Another night in the wilderness and although Lucia shirked her responsibility of staying awake on bug duty, I actually had a great nights sleep. It had rained late in the evening which seemed to reduce the army of multi legged monsters.

There was the usual soundtrack of grasshoppers and Hyena but a much quieter night. Ahmed asked us if we had heard the Lion at the camp but we were sound asleep, his ears had not deceived him though as a trail of fresh Lion poo was outside our tent.

We enjoyed a hearty breakfast (full credit to the staff at the Kati Kati camp for delivering amazing food with little to no facilities).

We headed out early for the morning game drive which was far more productive than the previous day.
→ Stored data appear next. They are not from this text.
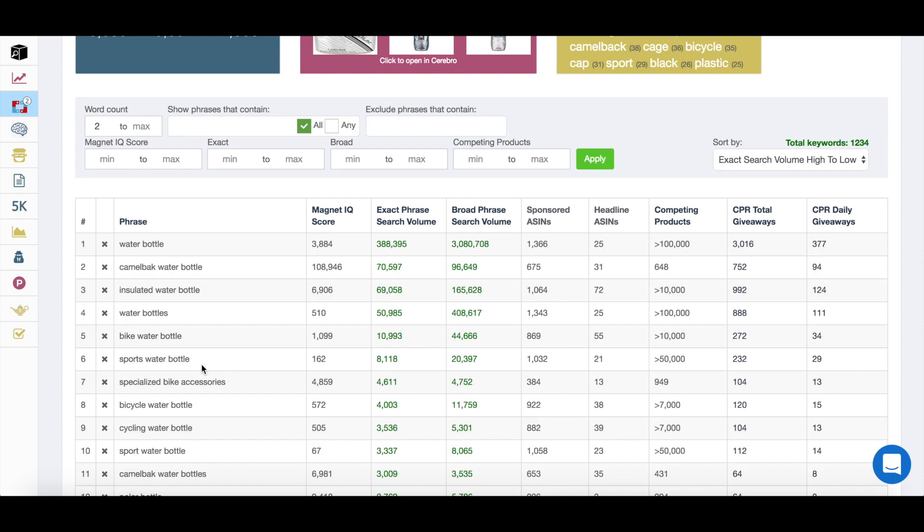There's a whole bunch of other things that are relevant to our listing if we're creating one for cycling water bottles, but is being searched on far, far more.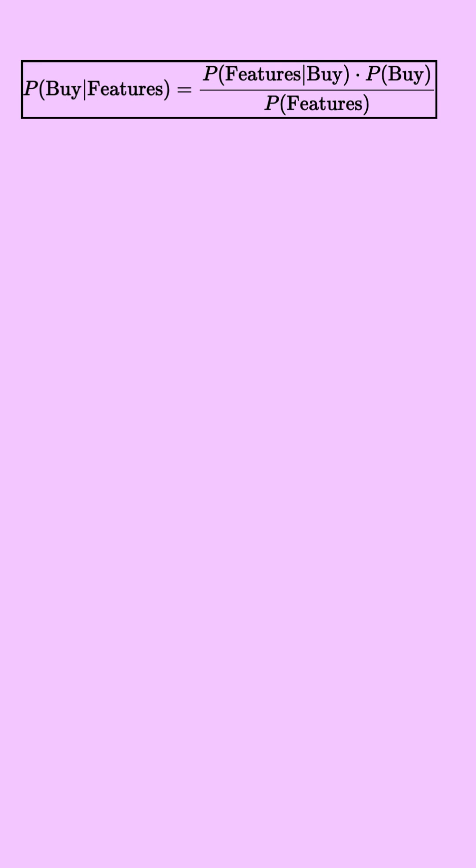If you see the first expression, the probability of a customer buying a product given its features or behavior can be essentially found by taking the product of two terms. The first term is how often the features occur among the buyers. And the second term is the general probability of someone buying. The denominator in this case is just the probability of this feature across all the customers. And we'll ignore this for the rest of the video as this is just a constant.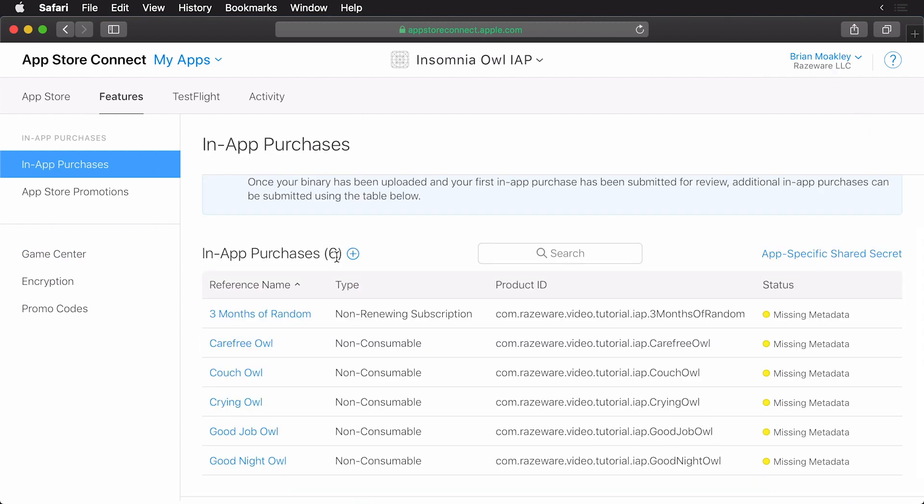At this point we have some of our in-app purchases set up, but we have more to do, and that's going to be the topic of your upcoming challenge.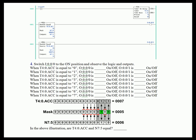In rung two, the mask is 7 in hex. Seven converted to binary for four bits, starting from the right, is 0111 — so it's comparing the first three bits of the timer accumulate to N7:5. Go ahead and exercise the lab. When T4:0 accumulate is zero, output zero is off and so is output one. When the accumulate is one, output zero is off. When it increments to two, output zero is off and so is output one. When the accumulate equals three, output zero is off and output one is off.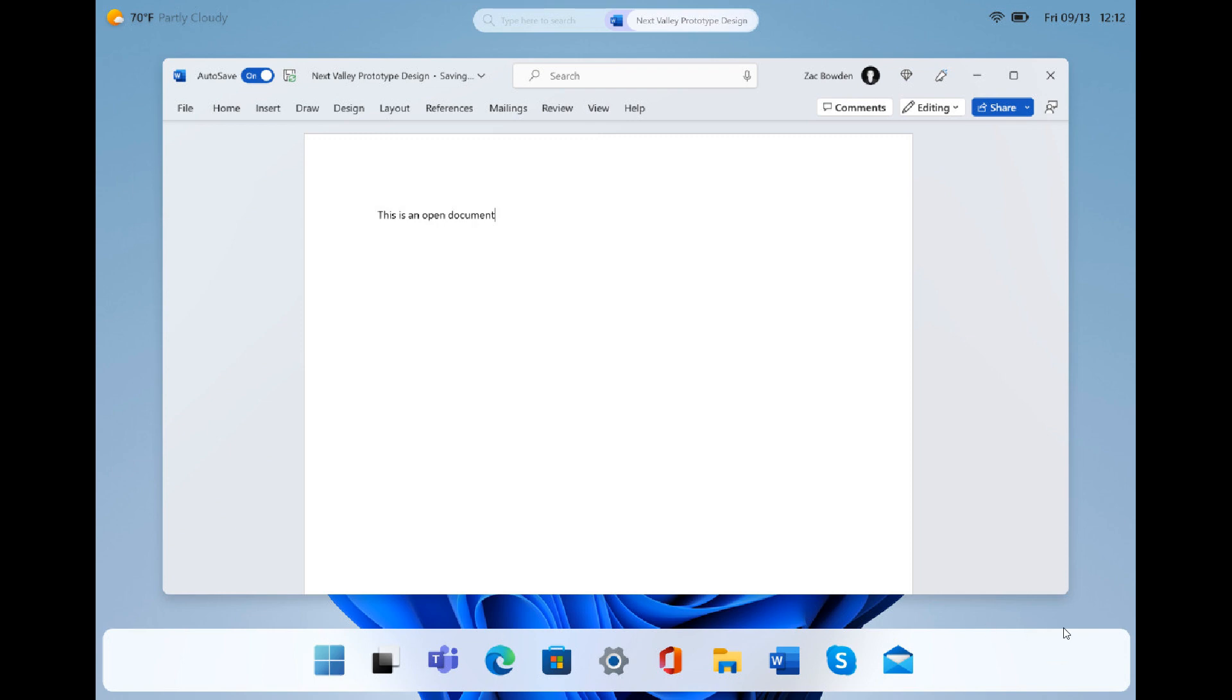Here we can see that system tray clock has been moved to the top and there is no system tray clock found in the bottom right in this screenshot, which could possibly be an early preview of the Windows 12 desktop.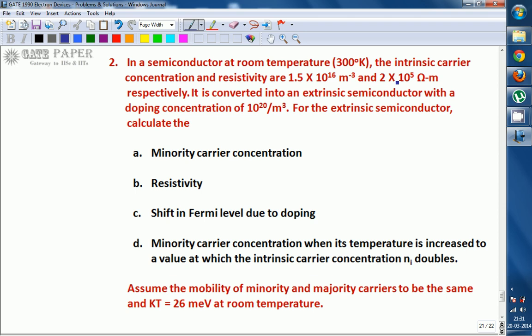Read the question. It is given as intrinsic semiconductor at first, later with the help of doping it is converted into extrinsic semiconductor. You may assume it is N-type or P-type. We are calculating: minority carrier concentration for the given doping, resistivity, the shift in Fermi level because of the doping, and what the minority carrier concentration will be if temperature increases such that Ni gets doubled. These four points we are going to calculate.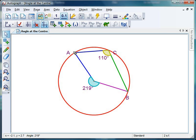So that's the angle at the centre theorem with a little twist. We'll be looking at more circle theorems with little twists over the next couple of weeks. Hope all's well, take care, and see you soon. Bye-bye.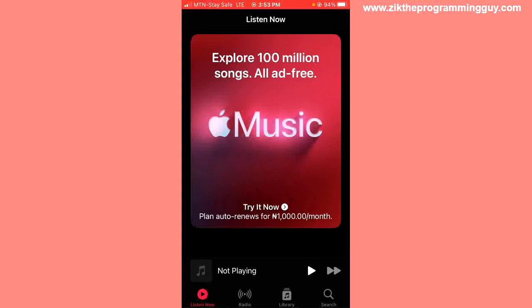The first step is to open your Apple Music application, and then all you have to do from here is click on the search bar at the bottom right corner of your screen.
As we left camp we were immediately greeted by a solo male elephant giving himself a dust bath along with the same giraffe as we had seen at camp the previous day.
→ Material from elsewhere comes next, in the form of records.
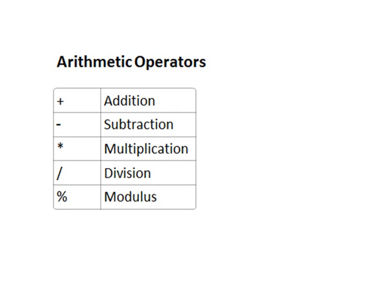Hello, this is Tony Gattis, author of Starting Out with Java. In this video, we're going to talk about simple math expressions.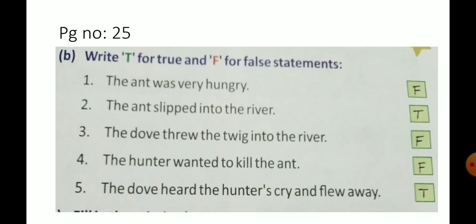Exercise B, true or false. The ant was very hungry. False. The ant was very thirsty, not hungry.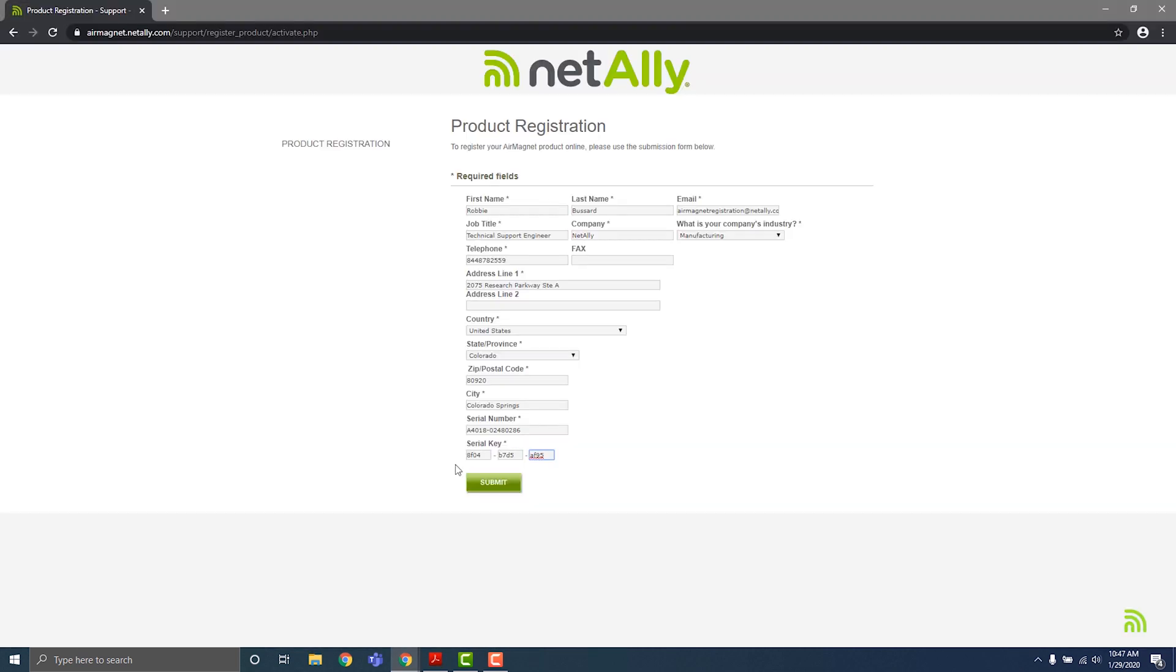Click Submit to finalize your account creation, and you'll receive an email that lets you know that your account is ready to use.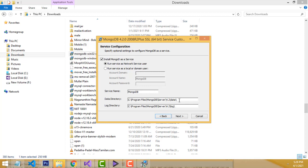If you want, you will be able to change the directory. I'm going to change this — instead of the default 'Program Files' path, I'll select a folder named 'MongoDB'. I just selected the location like this.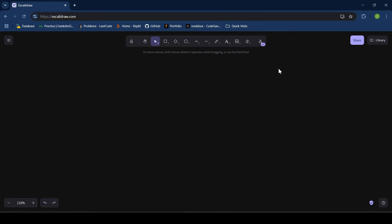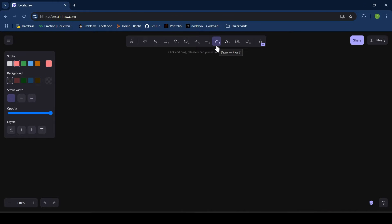Hey everyone, welcome back to my channel. Today in this video I am going to explain about the different keys in DBMS. So let's get started — what do you mean by a key, and what is the need for keys?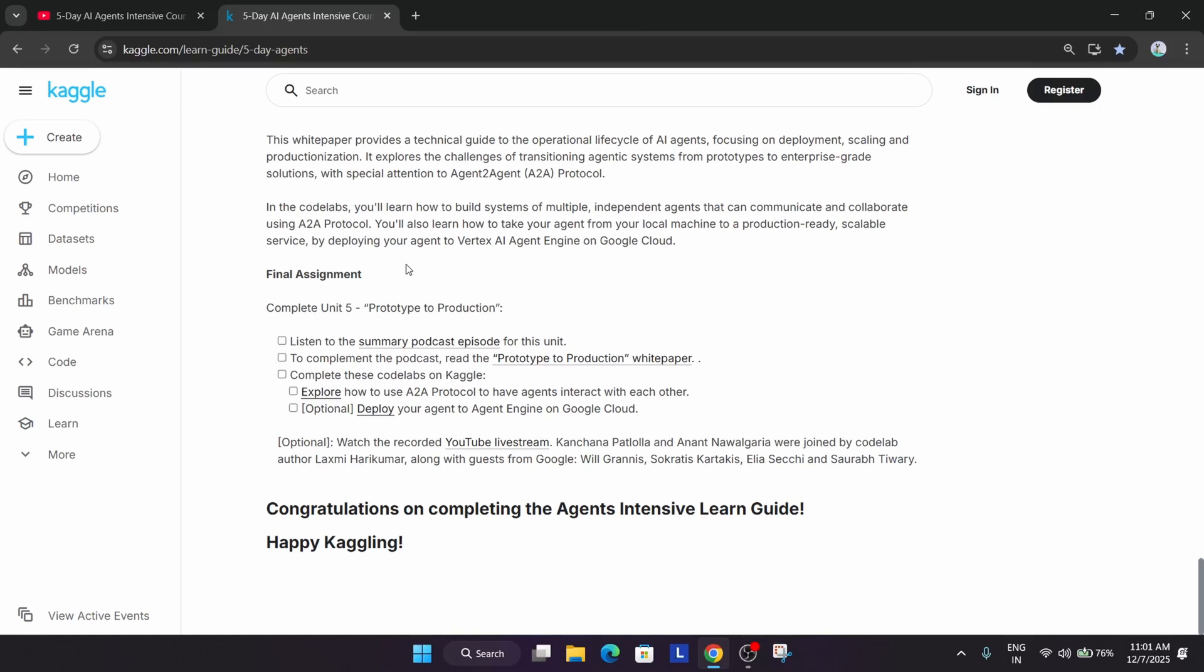If you have submitted the capstone project, you will be getting a cool certificate from Kaggle which you can use in your resume and share as participation. So the swags are only for the winners, I wanted to clarify.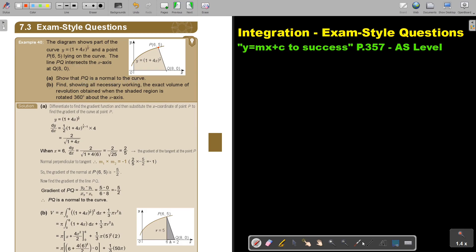Remember, normal means that it will always be perpendicular. If that is the tangent, then the normal must make an angle of 90 degrees. We are first going to differentiate to find the gradient function, and then substitute the x-coordinate of point P to find the gradient of the curve at P.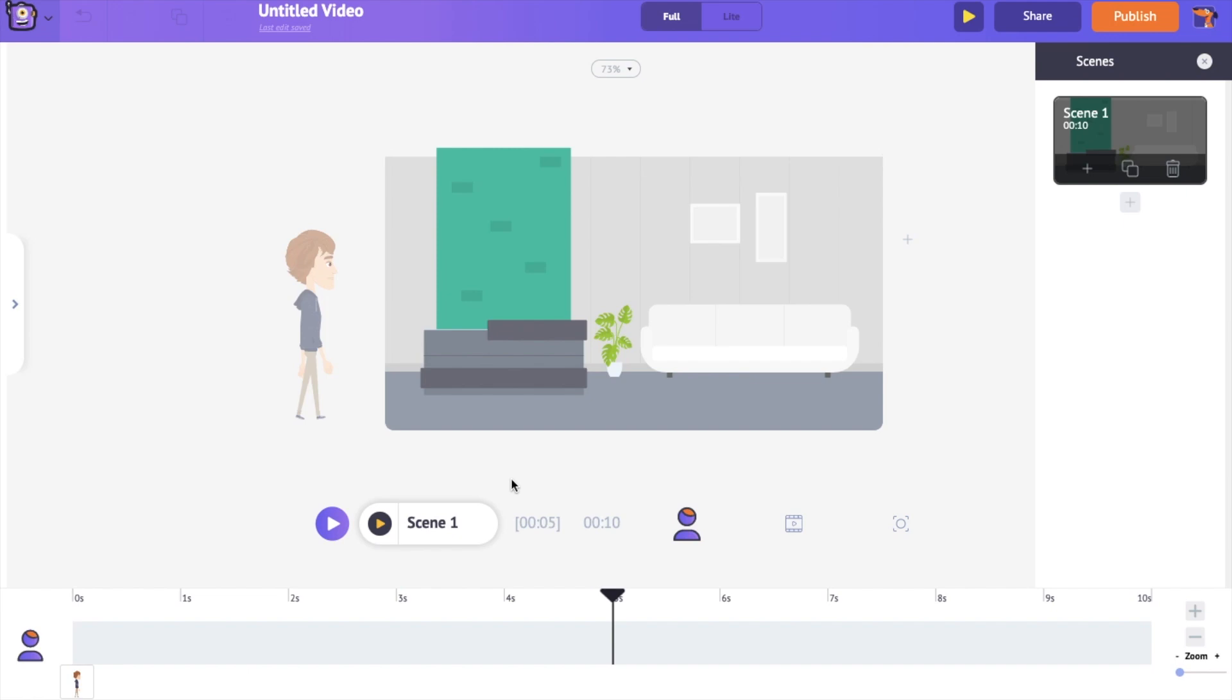You can even add multiple actions like running, working, speaking etc to the same character and create a full-fledged animation video. You can also add voiceovers to your character and make it look like talking. If you want to know more about animating characters using Animaker, then check out our beginners animation tutorial for which we have added the link in the description.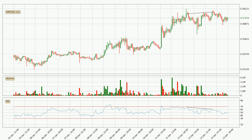Searching for divergence in the hourly time frame, owing to the bearish divergence, the price has already gone down.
As we progressed we saw more elephants, this time a large herd (at least 17) with young elephants secured in the middle of the herd. They were incredibly close, within just a few feet of us.

After taking a few photos, Ahmed got a call on the radio. He said it was off our route (as we were supposed to be making our way to Ngorongoro Crater) but there were reports of a cheetah nearby. En-route to the cheetah we spotted a pair of Hippos so stopped to observe for a few minutes.

We headed up to the area that the Cheetah was spotted, Lucia saw it right away but by the time I had armed the camera, the Cheetah had decided to hide down in the long grass. We waited for 30 minutes to see if it would rise again and despite Ahmed making animal calls (which he is surprisingly good at), the Cheetah just peeked it’s head up now and again but not enough for me to get a good shot.

From there we resumed our route to Ngorongoro, spotting a pair of Hyena, numerous Zebra and Wildebeest along the way, we even saw a few of them having a disagreement.

We also stopped by a Masai village on our way and were greeted by their traditional “Jumping” dances. They invited us into their homes made with Cow dung and small branches, they are definitely not suitable for someone who is over 6 feet tall!

They took us to visit their school and meet some of the children. Everyone was incredibly friendly and seemed really happy to have visitors.

One thing that really hit home after seeing how these tribes live is how lucky we are and how much we take our everyday lives for granted!

After visiting the school the Masai showed us (or at least attempted to) how they start a fire, using Dung once again.

From the Masai village we headed on to our new home for the next two days in Ngorongoro. After roughing it in the tented camp of the Serengeti, the new home was a very warm welcome. Power, Light and best of all a real shower.

We both took very long showers and agreed that as amazing as it was to be in the middle of the worlds largest zoo, it was great to feel human again.